Prognose: Was uns 2024 wirtschaftspolitisch beschäftigen wird

Arbeiter:innen arbeiten in einer Fabrik. Symbolbild für Wirtschaftspolitik.
Wie geht es mit unserer Wirtschaft weiter? | © Adobe Stock/Photocreo Bednarek
Wir brauchen eine Wirtschafts- und Budgetpolitik, die gestaltet statt im Interesse der Krisenprofiteure verwaltet, erklären die beiden Ökonom:innen Helene Schuberth (ÖGB) und Georg Feigl (AK Wien) in ihrer Prognose für 2024.
Das heurige Jahr neigt sich dem Ende zu. Die Wirtschaftspolitik war geprägt von Inflationsbeobachtung; die nicht erfolgten Preiseingriffe haben dazu geführt, dass die Teuerung in keinem anderen westeuropäischen Land so hoch war wie hierzulande. Gleichzeitig trübte sich die allgemeine wirtschaftliche Entwicklung ein – Österreich war eines der wenigen Länder mit Rezession. Politisch wurde verwaltet statt gestaltet – sowohl auf europäischer als auch auf nationaler Ebene. In Österreich zeigte das insbesondere die Budgetplanung, die sich – abgesehen vom überfälligen neuen Finanzausgleich – auf teure Klientelpolitik beschränkte. Damit ist eine Weichenstellung bereits erfolgt: Es geht in Richtung Konsolidierung des Staatshaushalts.

Wie stark Steuern erhöht und/oder Ausgaben gesenkt werden müssen, hängt nicht zuletzt von den Budgetregeln ab. Diese werden gerade auf europäischer Ebene verhandelt. Zwar sehen sie eine Lockerung vor, doch diese bleibt– auch auf Drängen des österreichischen Finanzministers – sehr beschränkt. Zwar kann er sie selbst nicht einhalten, aber populistische Punkte auf Kosten insbesondere Italiens sind ihm offensichtlich wichtiger.

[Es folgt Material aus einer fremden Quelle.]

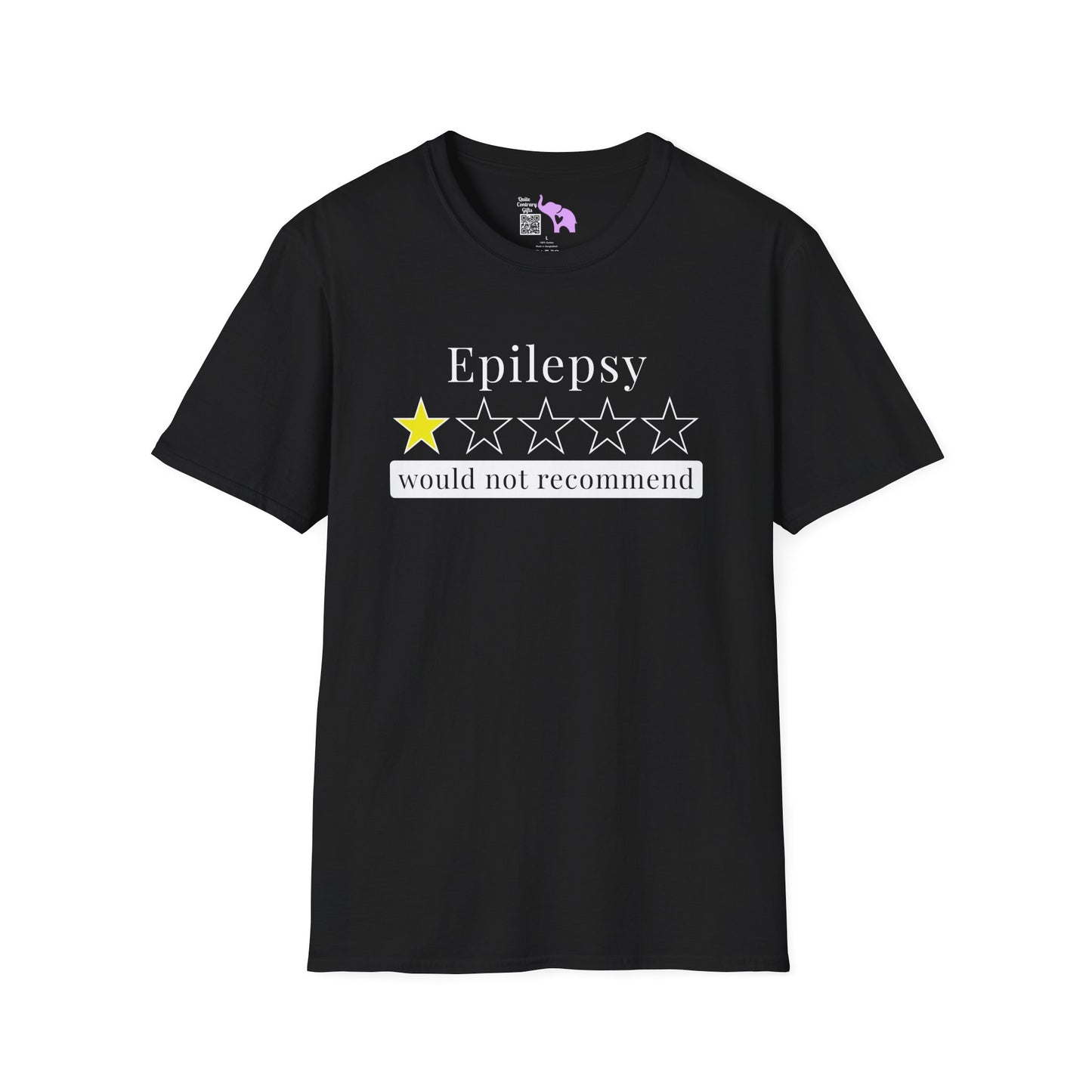 Epilepsy 1 Star Would Not Recommend Adult T-shirt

Ab 2024 werden wir deshalb nicht nur in Österreich, sondern in ganz Europa eine neue Konsolidierungswelle sehen. Wie schädlich diese sein wird, hängt in erster Linie von den gesetzten budgetären Eingriffen ab.

Porträt Helene Schuberth
Die Ökonomin Helene Schuberth fordert ein Ende der teuren Klientelpolitik. | © Markus Zahradnik

Gelingt es, den langfristigen Trend sinkender Steuern vor allem für Reiche und Konzerne umzukehren, wird es keine nennenswerten negativen Konsequenzen geben. In Österreich ging die amtierende Regierung jedoch sogar in die Gegenrichtung. Die Übergewinne der Teuerungskrise blieben nicht nur praktisch unangetastet, sondern wurden durch die Senkung der Körperschaftsteuer sogar noch begünstigt; die Sozialbeiträge wurden vor allem für Unternehmen reduziert.

Sparen an der Zukunft?

Zu befürchten ist nun eine Wiederholung der Fehler der Vergangenheit, wie Kürzungen bei wichtigen Ausbauprogrammen, die politisch am leichtesten durchzusetzen sind: beim Ausbau der Pflege und Gesundheitsleistungen, bei der Kinderbetreuung, bei besseren Bildungs- und Jobmöglichkeiten und bei öffentliche Investitionen. Auf der Strecke bleibt, was für die Zukunft besonders wichtig ist: der sozial-ökologische Umbau der Wirtschaft sowie der Ausbau des Sozialstaats.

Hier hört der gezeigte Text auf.